→ DATA FOR THIS TASK
* * *

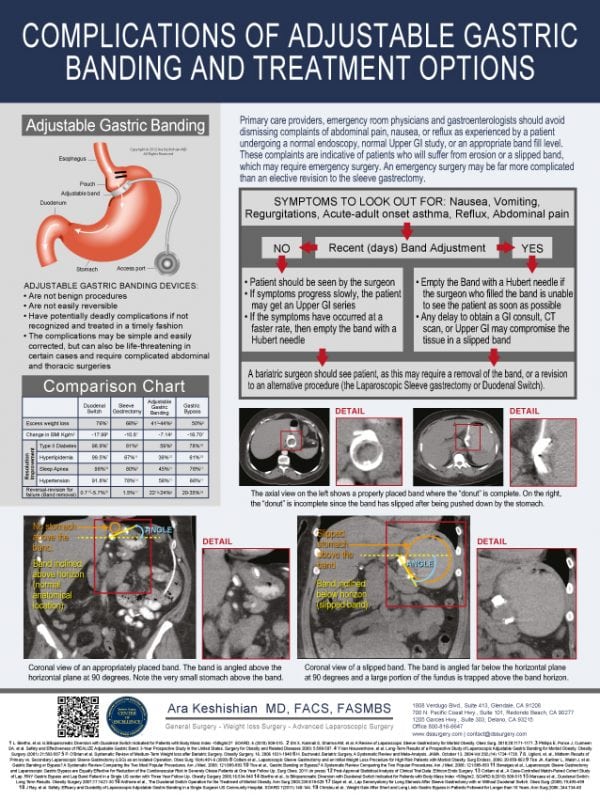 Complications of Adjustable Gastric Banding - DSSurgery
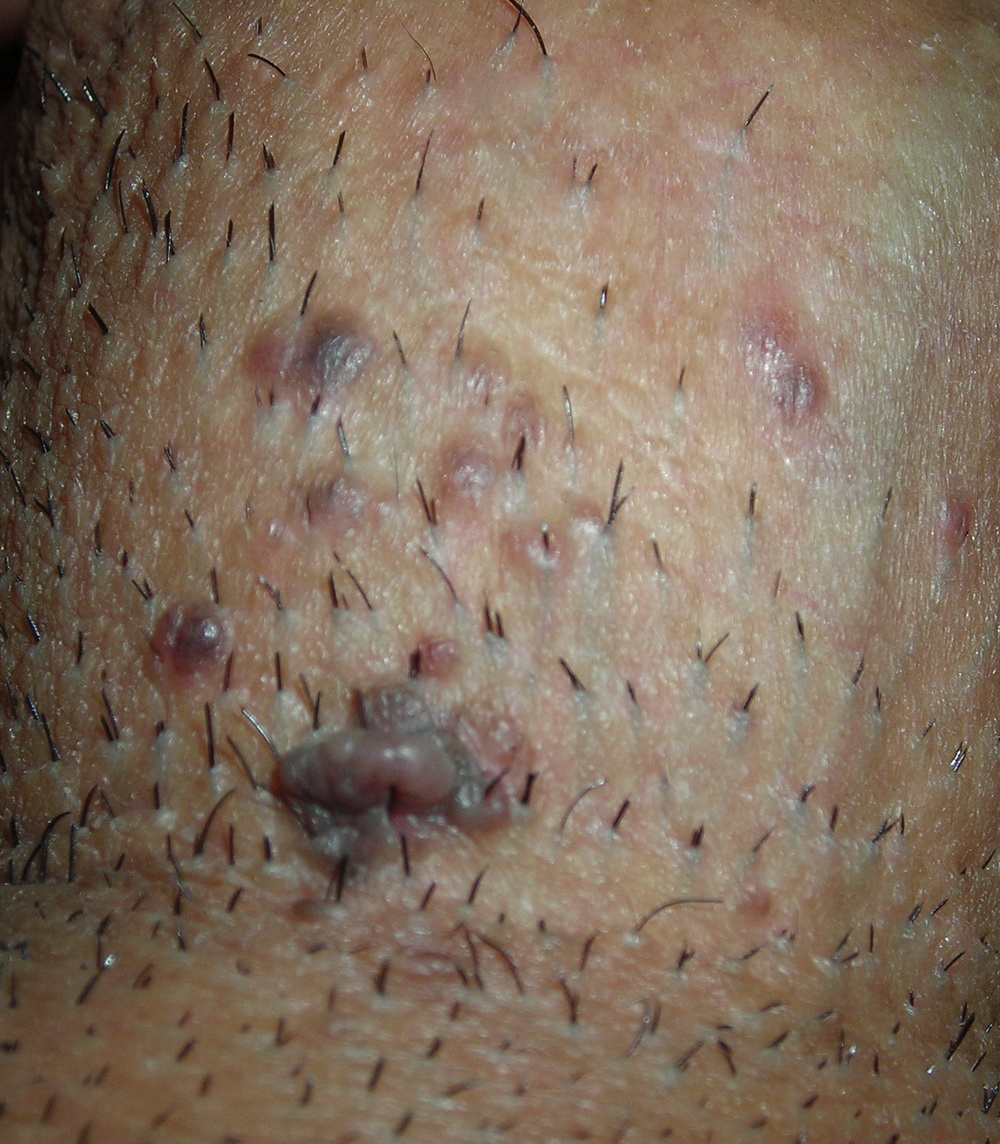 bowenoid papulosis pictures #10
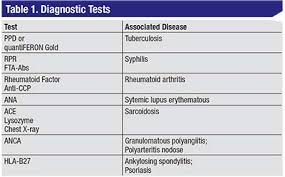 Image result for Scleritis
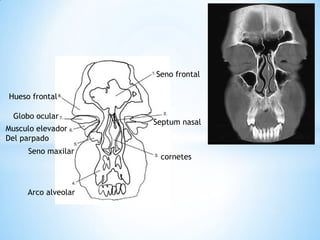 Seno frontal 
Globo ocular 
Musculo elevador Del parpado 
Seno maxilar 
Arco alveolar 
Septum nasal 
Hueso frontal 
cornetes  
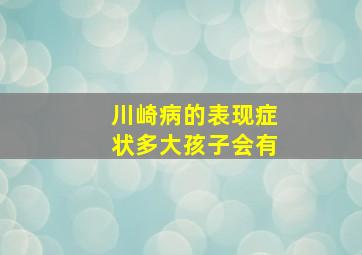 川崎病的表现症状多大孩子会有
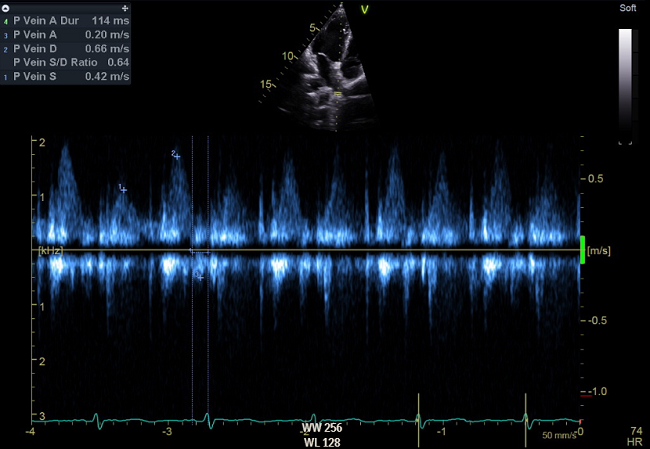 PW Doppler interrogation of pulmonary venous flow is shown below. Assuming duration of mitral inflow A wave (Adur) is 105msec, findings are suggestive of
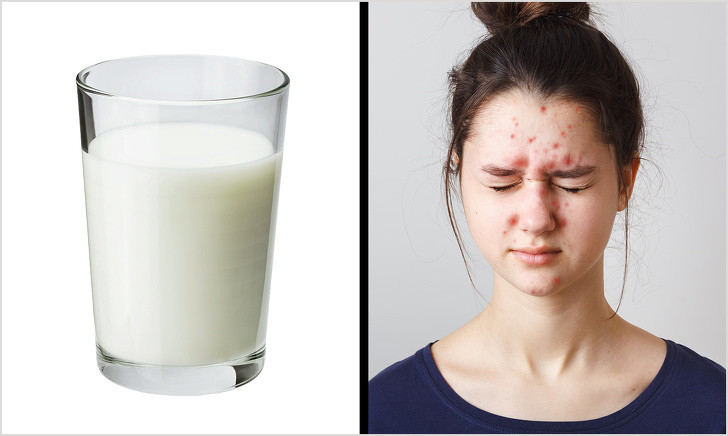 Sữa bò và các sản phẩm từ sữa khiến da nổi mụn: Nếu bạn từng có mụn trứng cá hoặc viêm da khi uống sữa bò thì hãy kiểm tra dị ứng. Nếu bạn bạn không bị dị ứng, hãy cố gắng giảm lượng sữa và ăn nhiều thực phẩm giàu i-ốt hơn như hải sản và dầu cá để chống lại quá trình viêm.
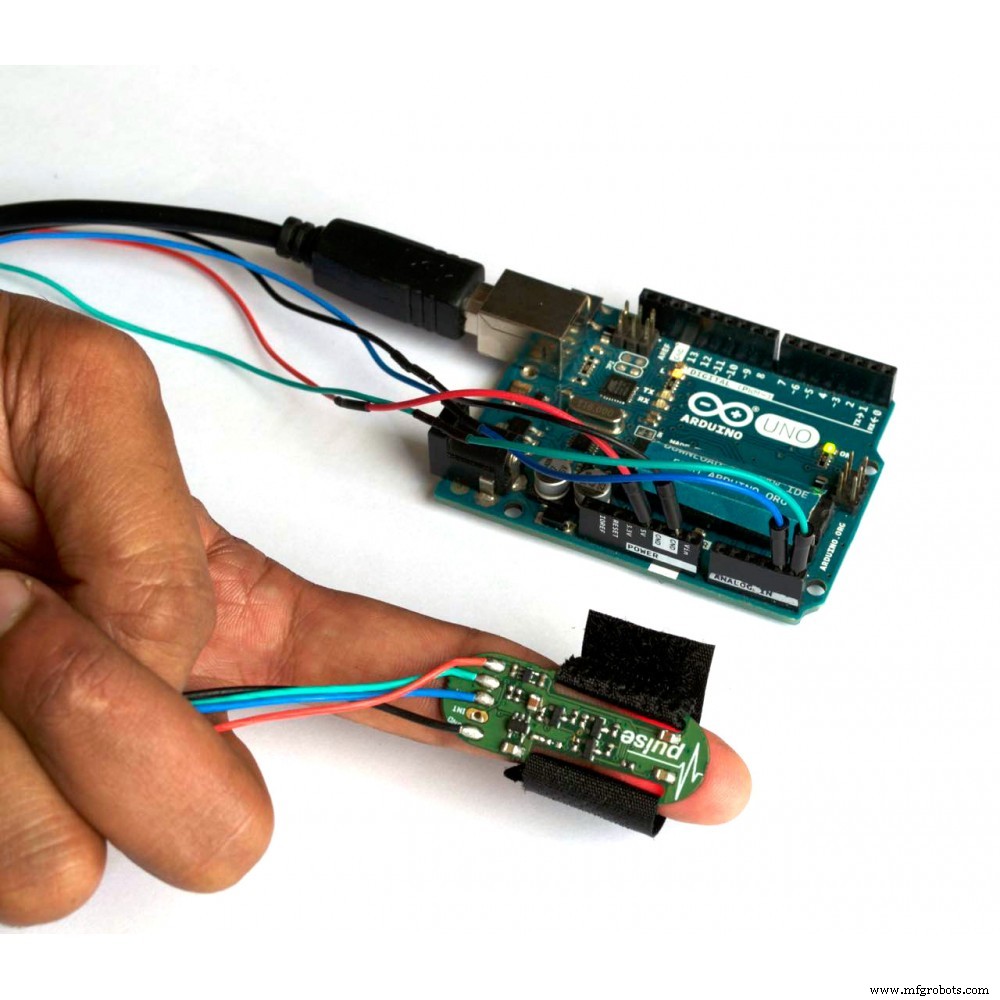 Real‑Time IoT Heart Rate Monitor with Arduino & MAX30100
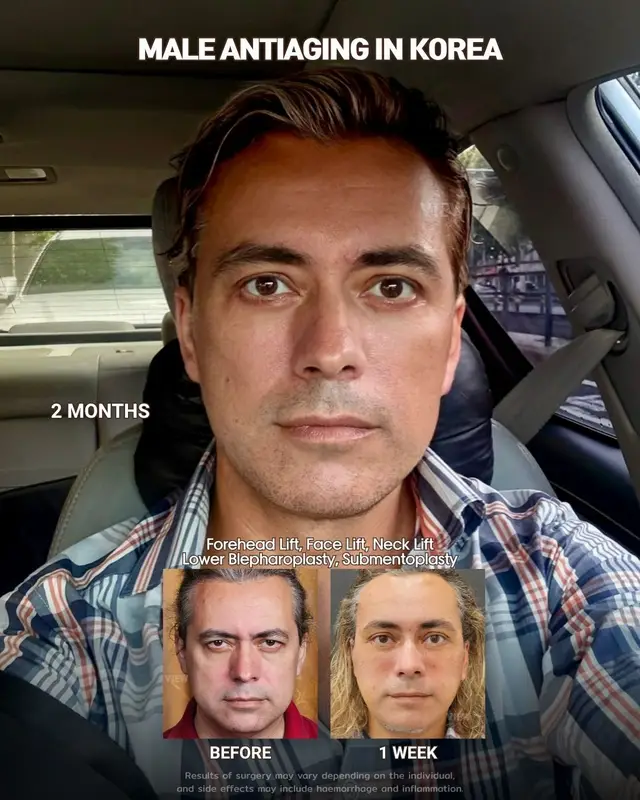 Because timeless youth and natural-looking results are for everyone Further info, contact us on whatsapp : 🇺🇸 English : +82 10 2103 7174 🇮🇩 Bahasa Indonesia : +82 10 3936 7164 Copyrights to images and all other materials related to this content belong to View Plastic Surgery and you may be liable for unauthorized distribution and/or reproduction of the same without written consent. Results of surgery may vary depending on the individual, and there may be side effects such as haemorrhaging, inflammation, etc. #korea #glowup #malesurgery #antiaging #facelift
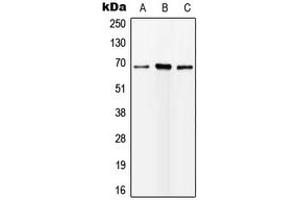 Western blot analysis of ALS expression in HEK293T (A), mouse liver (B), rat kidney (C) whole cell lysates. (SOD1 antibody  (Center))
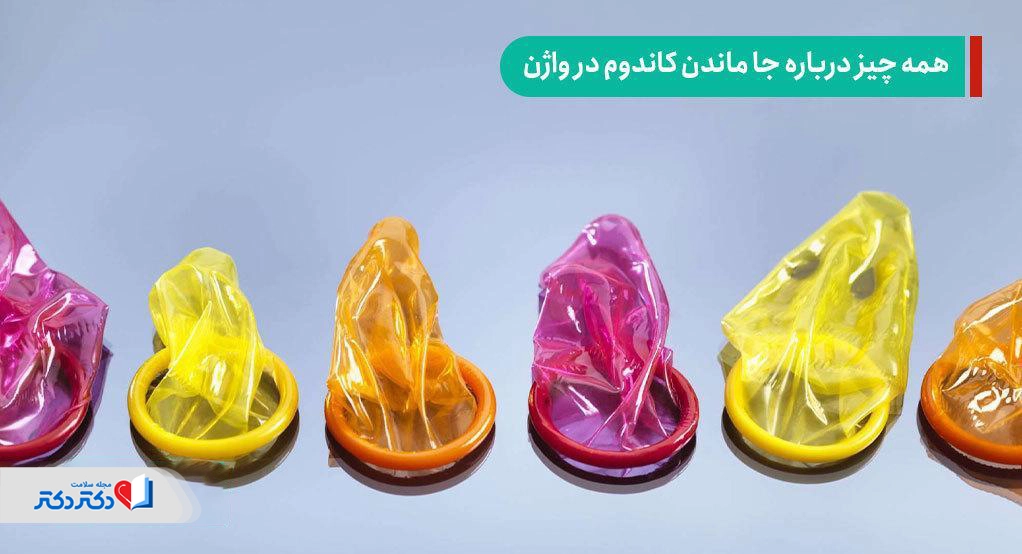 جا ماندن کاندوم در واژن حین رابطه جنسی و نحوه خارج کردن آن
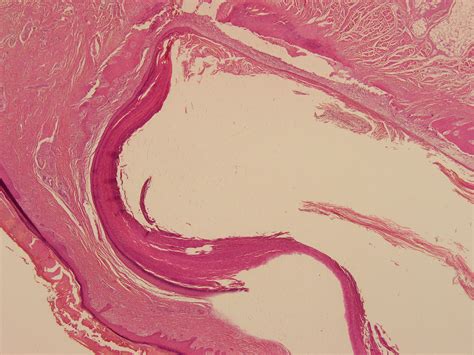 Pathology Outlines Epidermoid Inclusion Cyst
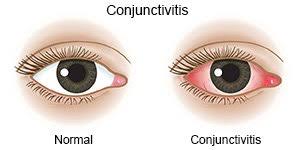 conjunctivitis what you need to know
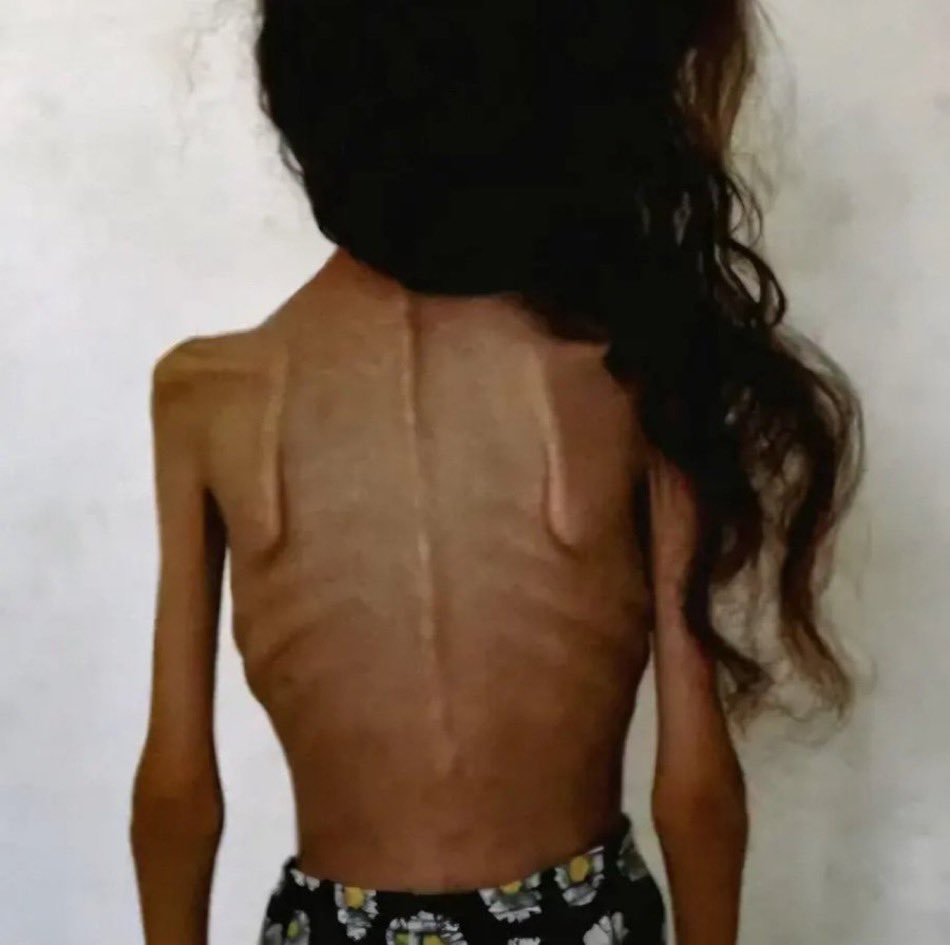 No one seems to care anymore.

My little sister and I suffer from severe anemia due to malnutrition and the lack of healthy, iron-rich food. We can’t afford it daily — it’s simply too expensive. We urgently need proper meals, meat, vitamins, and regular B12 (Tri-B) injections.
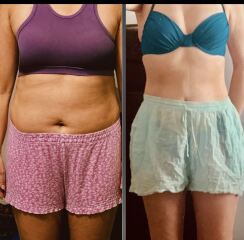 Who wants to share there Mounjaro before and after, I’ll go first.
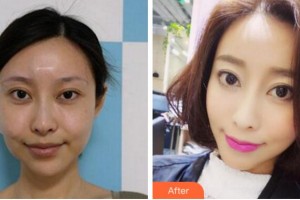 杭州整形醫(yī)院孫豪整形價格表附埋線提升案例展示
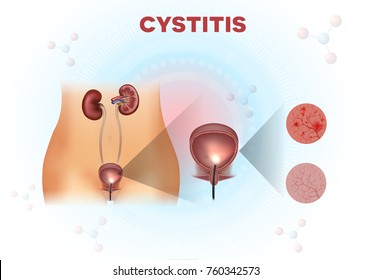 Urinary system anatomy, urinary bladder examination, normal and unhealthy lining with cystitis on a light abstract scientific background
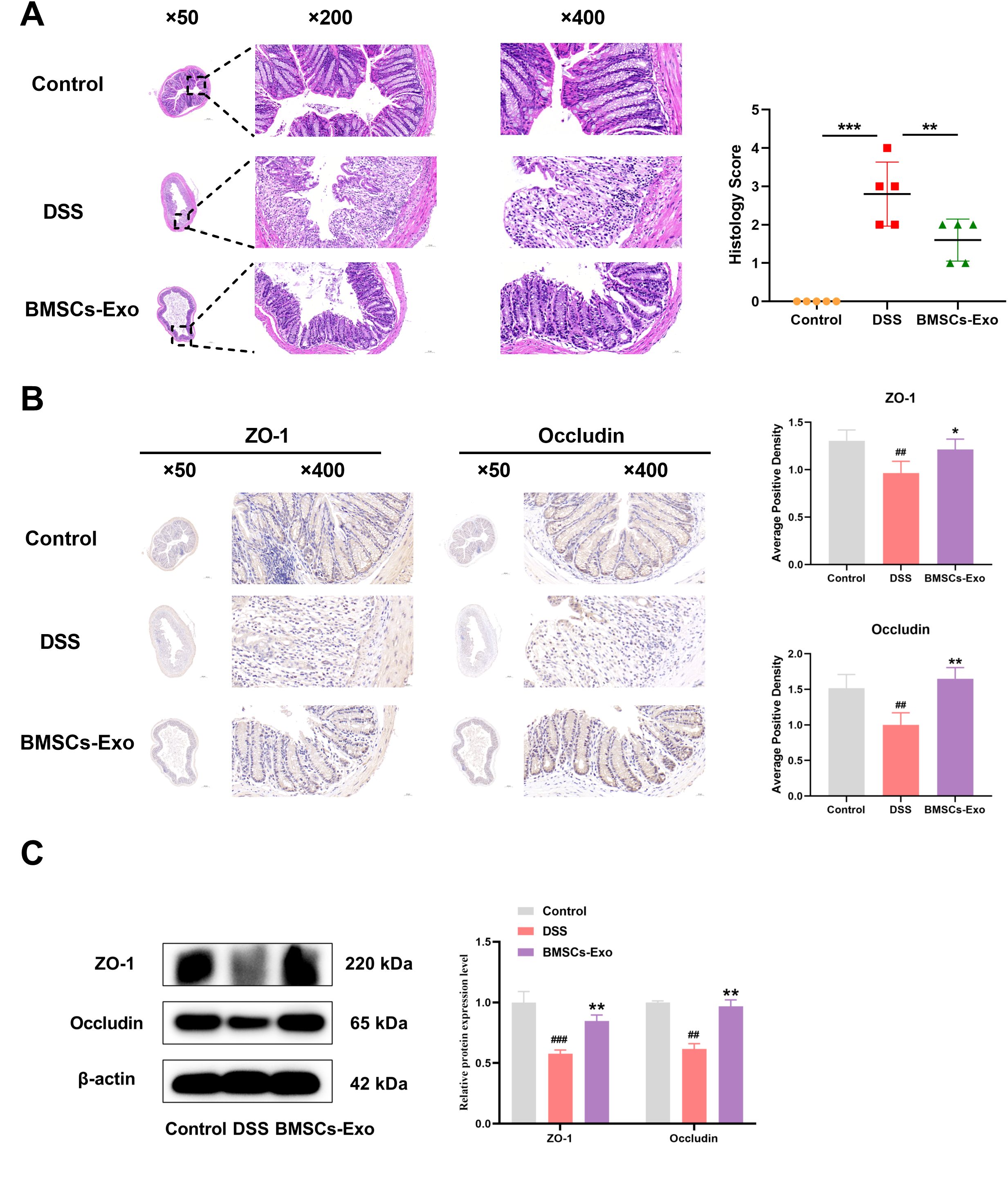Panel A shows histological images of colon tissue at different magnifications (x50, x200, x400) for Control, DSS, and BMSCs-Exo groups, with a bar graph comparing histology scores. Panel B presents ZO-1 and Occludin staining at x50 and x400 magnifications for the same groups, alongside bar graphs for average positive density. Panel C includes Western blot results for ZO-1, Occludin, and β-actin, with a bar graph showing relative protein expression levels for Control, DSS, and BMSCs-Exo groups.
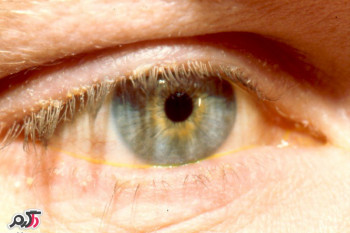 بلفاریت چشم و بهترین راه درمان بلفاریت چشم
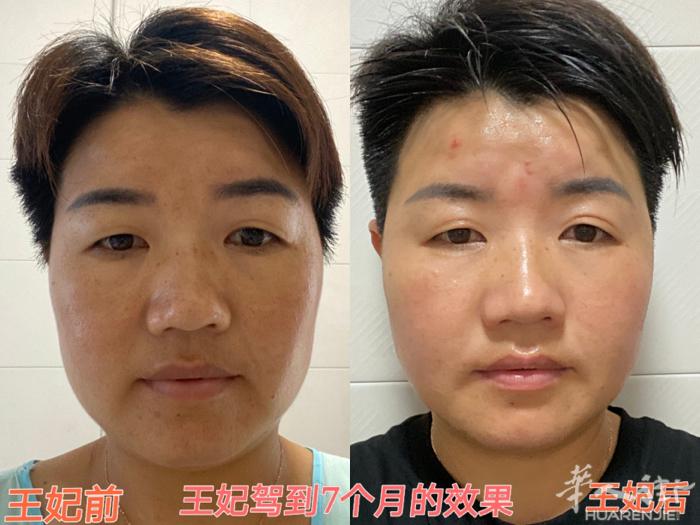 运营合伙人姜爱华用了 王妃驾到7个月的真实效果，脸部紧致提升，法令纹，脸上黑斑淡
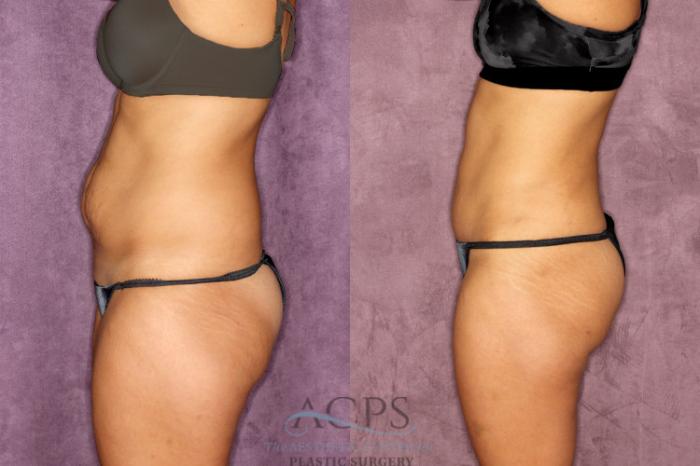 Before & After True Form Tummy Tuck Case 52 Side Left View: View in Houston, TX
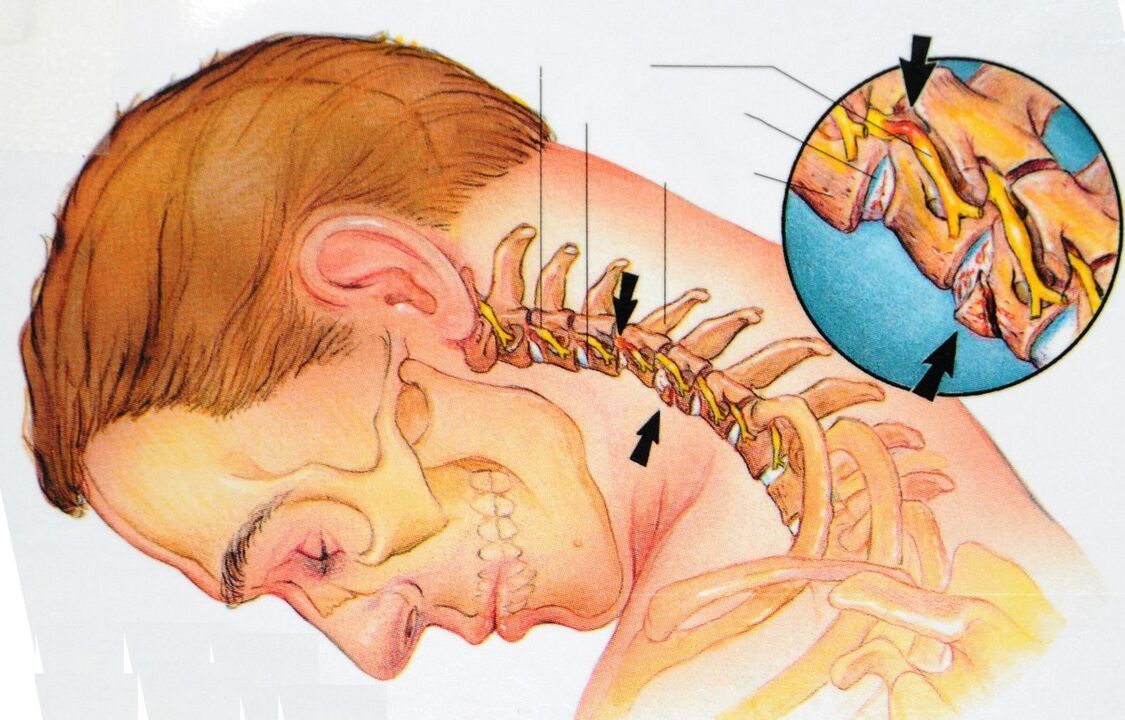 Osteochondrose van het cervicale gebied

* * *

Retype the lines above exactly as they appear, from the line containing "杭州整形醫(yī)院孫豪整形價格表附埋線提升案例展示" through the line containing "Urinary system anatomy, urinary", and leave out any pictures.

 杭州整形醫(yī)院孫豪整形價格表附埋線提升案例展示
 Urinary system anatomy, urinary bladder examination, normal and unhealthy lining with cystitis on a light abstract scientific background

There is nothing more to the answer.